Despite the average company using 1,427 cloud services to upload an average of 18.5 TB of data to cloud applications each month, less than 9 percent of cloud providers are taking the strict data security and privacy steps recommended for a modern enterprise, according to Skyhigh Networks. Companies specifically struggle with securing employee behavior, accurately detecting threats and enforcing cloud governance.
Securing the new systems of record
Now that companies trust enterprise cloud service providers with corporate data as much – if not more – than on-premises applications, they are faced with securing cloud-based systems-of-record in applications like Salesforce and ServiceNow. Nearly one-fifth of all documents in file sharing and collaboration apps contain sensitive data indicative of critical business operations.
Cloud facilitates sharing with business partners, but 9.3 percent of files shared externally contain sensitive data. Five percent of all files are accessible by anyone with a link and 6.2 percent are shared with personal email addresses, indicating companies have not updated security policies to address the sharing capabilities of the cloud.
Threats turned inside out
The wide acceptance of cloud applications for critical business use has information security teams worried about what data leaves the cloud rather than focusing only on detecting incoming threats. The average company experiences 23.2 cloud-related security incidents each month, more than half of which originate from malicious or negligent insiders.
Employees generate on average 2.7 billion cloud activity events per month leading to 2,542 anomalous events. However, just 23.2 turn out to be threats – a 110:1 ratio from anomalies to actual threats. Security teams widely report inaccurate breach notifications, resulting in alert fatigue and missed incidents, most notably documented in the 2013 Target security breach. 57.5 percent of companies experienced a threat involving a privileged user, an especially dangerous category of incident given the wide access of application administrators.
Swiss cheese governance
Fewer than one-in-10 cloud services encrypt data at rest and a similarly small percentage commit to not sharing customer data with third parties.

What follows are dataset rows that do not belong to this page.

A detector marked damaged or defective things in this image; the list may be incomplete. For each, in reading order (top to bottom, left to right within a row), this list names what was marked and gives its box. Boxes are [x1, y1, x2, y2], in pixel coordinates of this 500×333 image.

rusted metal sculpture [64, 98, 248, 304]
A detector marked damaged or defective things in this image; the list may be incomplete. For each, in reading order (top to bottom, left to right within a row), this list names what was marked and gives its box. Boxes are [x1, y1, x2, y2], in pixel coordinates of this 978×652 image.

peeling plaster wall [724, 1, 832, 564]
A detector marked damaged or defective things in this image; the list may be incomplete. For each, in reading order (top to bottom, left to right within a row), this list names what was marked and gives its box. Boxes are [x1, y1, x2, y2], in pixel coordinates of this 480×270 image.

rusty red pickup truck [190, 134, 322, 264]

A majority of companies claim to have cloud governance policies around acceptable use for cloud services.
Despite their best efforts to enforce these policies, usage data shows companies frequently fail to effectively block high-risk services. For example, companies intend to block high-risk file sharing service Mega 54 percent of the time, but only successfully block it in 32.8 percent of instances.

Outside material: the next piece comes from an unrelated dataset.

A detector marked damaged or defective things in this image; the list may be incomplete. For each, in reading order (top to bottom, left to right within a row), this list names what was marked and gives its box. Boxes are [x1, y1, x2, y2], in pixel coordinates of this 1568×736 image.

Calm before the IaaS storm
While the first wave of enterprise cloud adoption centered around SaaS, including cloud versions of legacy software like Office 365, an equal if not larger migration will occur when custom applications leave corporate data centers for the public cloud. It is no secret that Amazon Web Services is the market leader in IaaS with 35.8 percent of the market, but Microsoft has significantly closed the gap with Azure and currently possesses 29.5 percent market share.
Meanwhile, Google Cloud Platform combined with other niche providers collectively make up 34.7 percent of new application deployments – not to mention PaaS services like Force.com. Clearly enterprises will need to take a vendor-agnostic approach to the impending IaaS and PaaS security challenges.